Support Questions
Find answers, ask questions, and share your expertise

Unable to execute query from beeline using Hive on Spark- return code 30041; Failed to create Spark client

Unable to execute query from beeline using Hive on Spark- return code 30041; Failed to create Spark client

New Contributor

I just built a new cluster using Cloudera Manager V7.0.3 and I am testing it.  All of the services show "green" in CM, and I have run some tests on HDFS and YARN (both MR and Spark) with no problems.  I am now trying to test Hive.  I connected to Hive using the beeline prompt, and I was able to successfully create a table, but when I try to insert a row, it fails with this error:

Error while processing statement: FAILED: Execution Error, return code 30041 from org.apache.hadoop.hive.ql.exec.spark.SparkTask. Failed to create Spark client for Spark session b0cb962c-b8d5-4254-9ff8-6c3faedb9d21 (state=42000,code=30041)

However, Spark itself seems to work OK- I did a simple test using the instructions at https://docs.cloudera.com/documentation/enterprise/5-6-x/topics/spark_first.html and that worked fine.  The job ran and I was able to see it in the YARN RM.

I checked the HiveServer2 log and I found these messages there:

20/04/28 23:55:23 ERROR operation.Operation: [HiveServer2-Background-Pool: Thread-110]: Error running hive query: 
org.apache.hive.service.cli.HiveSQLException: Error while processing statement: FAILED: Execution Error, return code 30041 from org.apache.hadoop.hive.ql.exec.spark.SparkTask. Failed to create Spark client for Spark session fa9b5cc1-f7c2-4529-9c3c-3e923820901a
.
.
.

Caused by: org.apache.hadoop.hive.ql.metadata.HiveException: Failed to create Spark client for Spark session fa9b5cc1-f7c2-4529-9c3c-3e923820901a
.
.
.
Caused by: java.lang.NoClassDefFoundError: org/apache/spark/SparkConf
.
.
.

So that made me think that somehow the CLASSPATH that beeline is using is wrong- but I don't know how to fix that.  The Spark classes should be on that machine because I ran my YARN Spark test from there.

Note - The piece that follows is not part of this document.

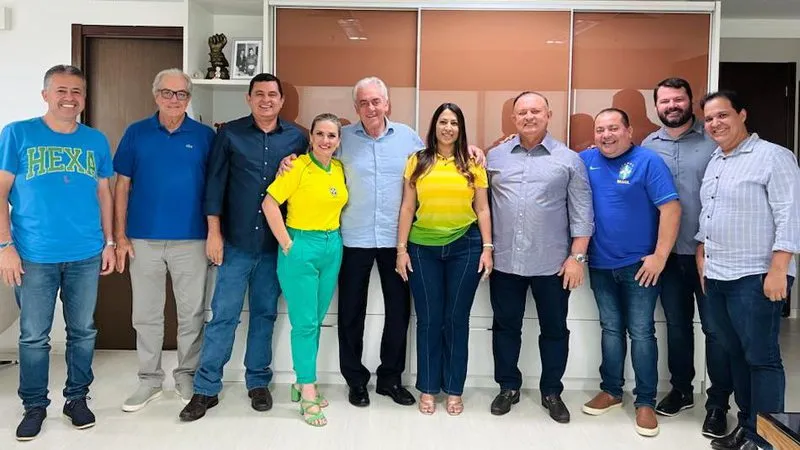 Direção do PSD na Bahia em reunião na Alba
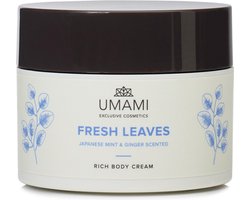 Umami Fresh Leaves Jap.munt&gember Body Cream250ml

I also installed Hive on Tez on this cluster, so I tried to use that, and that DID work.  I connected to Hive on Tez from the beeline prompt, and I was able to insert rows into the table (the one that I created earlier) and also query it.

So Hive itself seems OK; it is only Hive on Spark that is the problem.  Can anyone help?  I have configured everything through CM, so I would prefer to fix it there, but if the only option is to "hack" a configuration file somewhere, I would try that...